According to the latest Israeli figures 229 people are currently being held by Hamas. Testimony from 85-year-old grandmother Yocheved Lifshitz, who is among four people released since October 7, revealed this week that they are being held in a separate groups in a labyrinthine network of tunnels under Gaza.

New York-based body the Committee for the Protection Of Journalists (CPJ), presided over by veteran international correspondent Jodie Ginsberg, put out a statement condemning the reported communications blackout.

“As news bureaus lose contact with their crews and reporters in Gaza, who are independently bearing witness to provide information about developments and the human toll of this war, the world is losing a window into the reality of all sides engaged in this conflict,” it said.

“A communications blackout is a news blackout. This can lead to serious consequences with an independent, factual information vacuum that can be filled with deadly propaganda, dis- and misinformation.”

With international journalists unable to cross in Gaza since October 7, the job of covering the situation on the ground for its 2.3 million inhabitants has fallen on some 1,200 local journalists, who work for a variety of local, regional and international outlets.

All the major news agencies and networks moved their staff out of the territory’s media hub of Gaza City shortly after October 13, when Israel airdropped leaflets on northern Gaza advising the population to move south.

Most orgs are now working out of temporary offices in the city of Khan Yunis in the south of the strip.

Around 7,000 people in Gaza have been killed in the Israeli bombing campaign according to figures released by the local health authorities.

This figure is refuted by Israel which says the health authorities are under the control of Hamas, but the country has yet to release an alternative estimate.

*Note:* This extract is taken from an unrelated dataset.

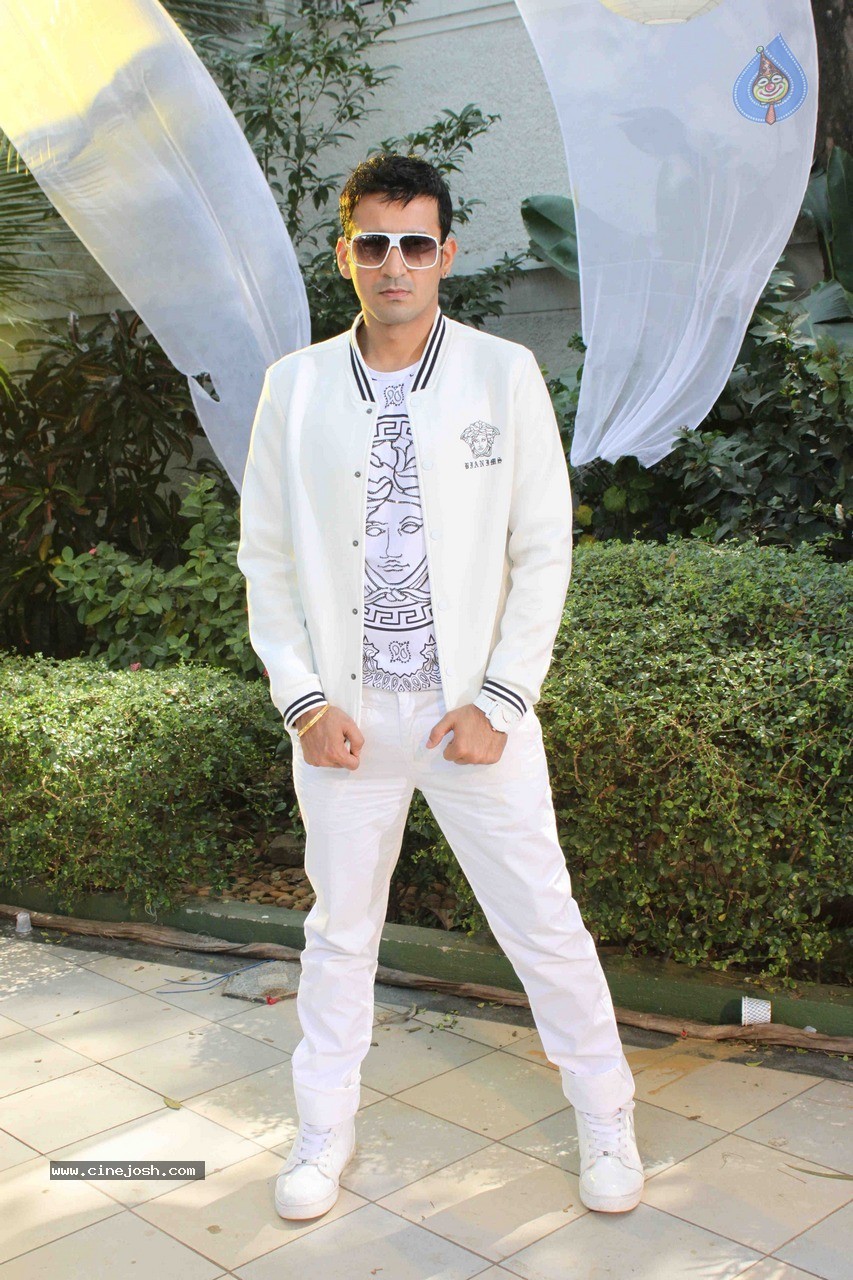 Meet Brothers at Ishq Ne Crazy Kiya Hai On Location - 9 / 44 photos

Journalists have also been caught up in the violence with the Brussels-based International Federation of Journalists (IFJ) saying 23 Palestinian journalists had been killed in Gaza, several injured and a number missing as of October 26.

Al Jazeera issued a statement on Thursday condemning the death of Gaza correspondent Wael al-Dahdouh’s wife, daughter, son and grandson in an Israeli airstrike on the Nuseirat camp in central Gaza, where they had moved following Israel’s advice to leave the north of the territory.

Reuters News Agency and AFP reported on Friday that Israeli military had told them it could not guarantee the safety of their staff, after they wrote seeking assurances that their journalists in Gaza would not be targeted by Israeli strikes.

Most international outlets are working on contingency plans to evacuate their staff and families through the Rafah boarding crossing with Egypt, if and when they ask to leave Gaza for their safety.

At present, this is not currently possible because the crossing is not open to Gaza residents wishing to leave the territory, while many people also say they would be reluctant to evacuate even if the opportunity arose for fear of not being able to go back.